A Presidential Right to Privacy

The latest demand from Democrats to investigate President Donald Trump has come from chairman of the House Ways and Means Committee Rep. Richard Neal, who wants the Internal Revenue Service to hand over his tax returns from 2013 to 2018, including those pertaining to his far-flung businesses.

The response from the White House was undoubtedly no surprise to Neal. The president declined to voluntarily release such information during the 2016 campaign, and there was no reason to suppose that he would do so now, after two years of the most bitter wrangling with Democrats over every aspect of his public and private life.

As White House chief of staff Mick Mulvaney told Fox News on Sunday, “That is not going to happen, and they know it. That’s an issue that was already litigated during the election. Voters knew the president could have given his tax returns, they knew that he didn’t, and they elected him anyway,” Mulvaney said.

Neal, aware that he would automatically be vulnerable to charges of politically-motivated harassment, couched his request to the IRS in the language of legislative oversight. He wrote that he needed Mr. Trump’s private tax materials in order to review the agency’s policy of auditing the tax returns of all sitting presidents and vice presidents, saying, “little is known about the effectiveness of this program.”

“On behalf of the American people, the Ways and Means Committee must determine if that policy is being followed, and, if so, whether these audits are conducted fully and appropriately,” Neal said.

Of course, it was only after Mr. Trump entered the White House that the chairman of Ways and Means discovered the high national purpose of reviewing presidential tax returns. As if this is an accident of history, unrelated to any partisan agenda.

While it is true that an obscure 1924 statute authorizes Ways and Means to requisition tax returns, it has to be based on some legitimate need for the public to know. That is why Neal bothered to conjure up a legal rationale. But one wonders if the courts, where the matter will presumably go, will find his argument sufficiently persuasive to justify such an unprecedented disclosure.

The Trump tax case illustrates the conflict that often arises between the Freedom of Information Act — the statute that enshrines the public right to know about public policymaking — and IRC section 6103, which protects taxpayers from forced disclosure. In previous cases, the IRC statute has proven to be a legally recognized exception to the FOIA.

Beyond the strict legalities, advocates of disclosure have cited a norm of political behavior in which presidents since Jimmy Carter have voluntarily made their tax information public. While this practice does not technically obligate any other president to do the same, they argue that a new norm of transparency has been established, and that for Mr.

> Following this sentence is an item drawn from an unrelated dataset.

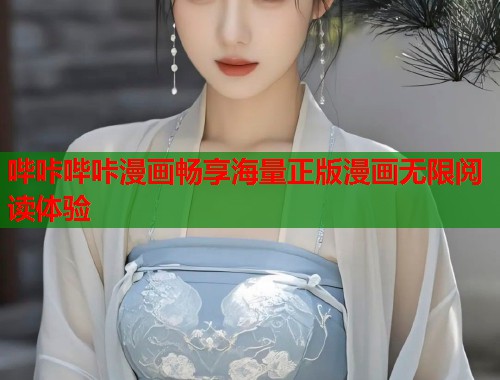 哔咔哔咔漫画畅享海量正版漫画无限阅读体验 哔咔哔咔漫画畅享海量正版漫画无限阅读体验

Trump to refuse to comply violates that ethic.

However, a norm, even more than written law, is a matter of interpretation. The thing lacks definition. How does something qualify as a “norm”? How many disclosures of this kind does it take to establish the new norm? How widely must it be observed in order to qualify?

In response to the tumult over the tax returns, lawmakers in New York and Maryland are reportedly working on proposals that would force disclosure through indirect means. Under consideration is a requirement that presidential candidates and other politicians must disclose tax returns in order to appear on the state ballot as a candidate. Ninety members of the recently-elected Democratic majority in the Assembly have signed on to a draft bill along those lines. In the Senate, their forces are reportedly still shy of a majority.

Ironically, neither of the two New York congresspersons who advanced the idea — Assemblyman David Buchwald, of Westchester, and Sen. Brad Hoylman, of Manhattan — have released their own tax returns! Obviously, notwithstanding what recent presidents have done, the supposed new norm of disclosure has not taken root in the country generally. Otherwise, no one would have to suggest new laws to compel disclosure. Everybody would be volunteering. (Something that they have not been doing.)

For those who are not satisfied, who insist that Mr. Trump’s refusal shows he must be hiding something, they should remember that that is what the IRS is for. In fact, his taxes are currently being audited. Any irregularities would be investigated by the diligent folks at the IRS.

In an era when the right to privacy has been elevated to a major constitutional guarantee, and when government and the private sector are under constant scrutiny for violations of individual privacy, it is unacceptable that the president of the United States should be the one person whose privacy is trampled upon at every opportunity.

Democrats ought to start focusing on the country’s real issues, instead of devoting their energies — and congressional resources — to harass the president for political reasons. Let the IRS do its job and let the lawmakers in Washington do theirs.